Solche Fälle machen die Notwendigkeit eines Privacy-Shield-Ersatzes noch wichtiger - für die Verantwortlichen auf beiden Seiten des Atlantiks.

Ganz zu schweigen von der Tatsache, dass viele EU-Länder und -Behörden die Datenpraktiken großer Technologieunternehmen wie Facebook, Microsoft, Amazon und Google immer genauer unter die Lupe nehmen.

Seit Präsident Joe Biden im Amt ist, arbeitet er zusammen mit der Präsidentin der Europäischen Kommission, Ursula von der Leyen, an einem Ersatz, aber bisher haben diese Treffen nur optimistische Worte hervorgebracht.

Auf dem Treffen des Handels- und Technologierates (TTC) im September 2021 boten die USA einen quasi-richterlichen Aufsichtsmechanismus über die nationalen Sicherheitsbehörden an, um die Unterzeichnung eines neuen Abkommens vor Ende des Jahres zu erreichen, aber der Deal wurde nicht angenommen. Es besteht die Hoffnung, dass die jüngsten Verhandlungen bei der nächsten TTC-Sitzung im Mai 2022 zu einem besseren Ergebnis führen werden.

Viele hoffen, dass beide Parteien eine Einigung erzielen können, die es den amerikanischen Geheimdiensten erlaubt, weiterhin auf die Daten der Menschen zuzugreifen, und gleichzeitig die Rechte der EU-Bürger schützt.

Eine Lösung könnte die Einrichtung einer unabhängigen Justizbehörde sein, die Beschwerden von EU-Bürgern prüft, die der Meinung sind, dass die US-Behörden unrechtmäßig mit ihren Daten umgegangen sind.

Die Einzelheiten dieses Plans - wie z. B. die Frage, woher jemand überhaupt weiß, dass er eine Beschwerde einreichen soll, und ob sie vor Gericht überhaupt Bestand haben wird - sind noch nicht geklärt.

Eines ist jedoch klar: Welche Entscheidung auch immer getroffen wird, sie wird nicht im Kongress getroffen werden - eine Tatsache, die jede Einigung zunichte machen könnte, bevor sie überhaupt begonnen hat.

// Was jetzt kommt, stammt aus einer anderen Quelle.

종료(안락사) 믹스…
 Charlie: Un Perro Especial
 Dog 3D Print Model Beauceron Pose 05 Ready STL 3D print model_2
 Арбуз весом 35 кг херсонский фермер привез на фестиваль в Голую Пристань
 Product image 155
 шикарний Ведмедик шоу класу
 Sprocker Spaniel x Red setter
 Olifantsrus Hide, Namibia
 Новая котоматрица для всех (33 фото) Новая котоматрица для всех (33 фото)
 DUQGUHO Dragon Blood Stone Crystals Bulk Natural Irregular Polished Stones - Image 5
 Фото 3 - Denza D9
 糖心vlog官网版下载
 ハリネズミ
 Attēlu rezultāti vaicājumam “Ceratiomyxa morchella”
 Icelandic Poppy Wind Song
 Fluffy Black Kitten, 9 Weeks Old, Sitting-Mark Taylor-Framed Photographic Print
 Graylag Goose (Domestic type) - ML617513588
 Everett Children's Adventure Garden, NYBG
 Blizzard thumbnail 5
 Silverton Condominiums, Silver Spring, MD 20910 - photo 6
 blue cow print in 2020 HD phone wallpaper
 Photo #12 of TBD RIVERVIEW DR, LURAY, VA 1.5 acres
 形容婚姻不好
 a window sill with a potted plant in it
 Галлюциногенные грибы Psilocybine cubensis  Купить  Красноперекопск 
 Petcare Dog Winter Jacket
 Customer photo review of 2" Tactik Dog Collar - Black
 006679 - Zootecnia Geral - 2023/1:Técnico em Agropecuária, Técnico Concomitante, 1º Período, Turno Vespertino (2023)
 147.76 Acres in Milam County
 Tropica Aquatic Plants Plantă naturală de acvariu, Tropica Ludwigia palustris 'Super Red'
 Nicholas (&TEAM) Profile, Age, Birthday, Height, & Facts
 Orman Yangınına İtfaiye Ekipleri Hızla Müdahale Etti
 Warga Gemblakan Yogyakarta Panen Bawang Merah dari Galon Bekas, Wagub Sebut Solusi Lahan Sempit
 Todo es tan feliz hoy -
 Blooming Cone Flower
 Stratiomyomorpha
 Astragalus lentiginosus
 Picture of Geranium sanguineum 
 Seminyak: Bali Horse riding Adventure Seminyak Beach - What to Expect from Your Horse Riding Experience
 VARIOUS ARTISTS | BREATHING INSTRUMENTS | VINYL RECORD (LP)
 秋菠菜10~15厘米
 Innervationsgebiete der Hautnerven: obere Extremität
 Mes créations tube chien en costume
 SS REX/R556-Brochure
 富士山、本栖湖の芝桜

Da eine politische Einigung und Fortschritte heutzutage nur schwer zu erzielen sind, müsste jede Änderung mit den bestehenden US-Vorschriften und -Verordnungen vereinbar sein.

Die meisten Experten sind sich einig, dass wesentliche Fortschritte nur durch Gesetzesänderungen in den USA erzielt werden können, die den Zugriff nationaler Sicherheitsbehörden auf EU-Daten einschränken und den EU-Bürgern eine klare und transparente Möglichkeit geben, diesen Zugriff vor Gericht anzufechten.

Wie lange wird es ohne diese Dinge dauern, bis wir ein Schrems III haben?